In 1914 Idriess enlisted in the 5th Light Horse, Australian Imperial Force, as a trooper. Specializing in sniping, he was wounded at Gallipoli, witnessed the charge at Beersheba, and was wounded again in the fighting after the battle of Gaza. He was invalided home in March 1918. His experiences were to form the basis of a series of pamphlets on sniping and guerilla warfare published in 1942 when an invasion of Australia was expected. After convalescence he surveyed and explored parts of Cape York, travelled with pearlers and missionaries in Torres Strait and then turned to gold in New Guinea, buffalo shooting in the Northern Territory, and exploration in Central and Western Australia.
In 1928 he settled in Sydney as a freelance writer.
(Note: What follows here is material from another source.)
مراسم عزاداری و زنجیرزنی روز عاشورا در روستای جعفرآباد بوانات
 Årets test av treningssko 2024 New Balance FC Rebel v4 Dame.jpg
He had written short pieces for the Bulletin while at Lightning Ridge and published the first of forty-seven books, Madman's Island, in 1927, in 1931 he had some success with a fossickers' guide Prospecting for Gold and the same year wrote his first best-seller, Lasseter's Last Ride. From then on he published at least a book a year (apart from 1943) until 1964. His last book appeared in 1969. Works like The Cattle King (1936) and Flynn of the Inland (1932) were to go through forty to fifty reprintings.
In 1932 Idriess was described as
'a slight, medium-sized man, with a narrow, pale face, slightly greying hair and remarkable hazel eyes; a soft-voiced man with a typical Australian drawl'.
He was also a highly motivated writer. He said of himself that he wrote 'like stinking hell', spending two hours every morning covering quarto pages of white paper with large handwriting at a desk in Angus & Robertson's old building in Castlereagh Street. It was said that he could write a book in two months, and he twice published three books in one year (1932 and 1940). About 1932 he married Eta Morris. He was appointed O.B.E. in 1968. Survived by his two daughters, Idriess died on 6 June 1979 at Mona Vale, and was cremated.
Idriess's contribution to Australian publishing and literature was profound. His combination of the bush yarn and historical or geographical subjects brought a new vision of Australia to its city-bound readers. He developed a number of Australian legends: the Light Horse, Flynn, Lasseter, Kidman, the survival skills of the Aboriginals of Northern Australia. Together with a belief in the heroic went a belief in the social and economic development of Australia, a vision which matched the aspirations of governments of the 1940s and '50s. Idriess was no stylist, but his writing was immediate, colourful, well paced and, despite the speed at which it was written, always well structured. The combination of an optimistic view of Australia's progress and the romance of its past with a style drawn from the spoken language ensured his popularity. Idriess contributed to a resurgence of Australian publishing and established a form of writing which continued to flourish in the work of such authors as Frank Clune and Colin Simpson.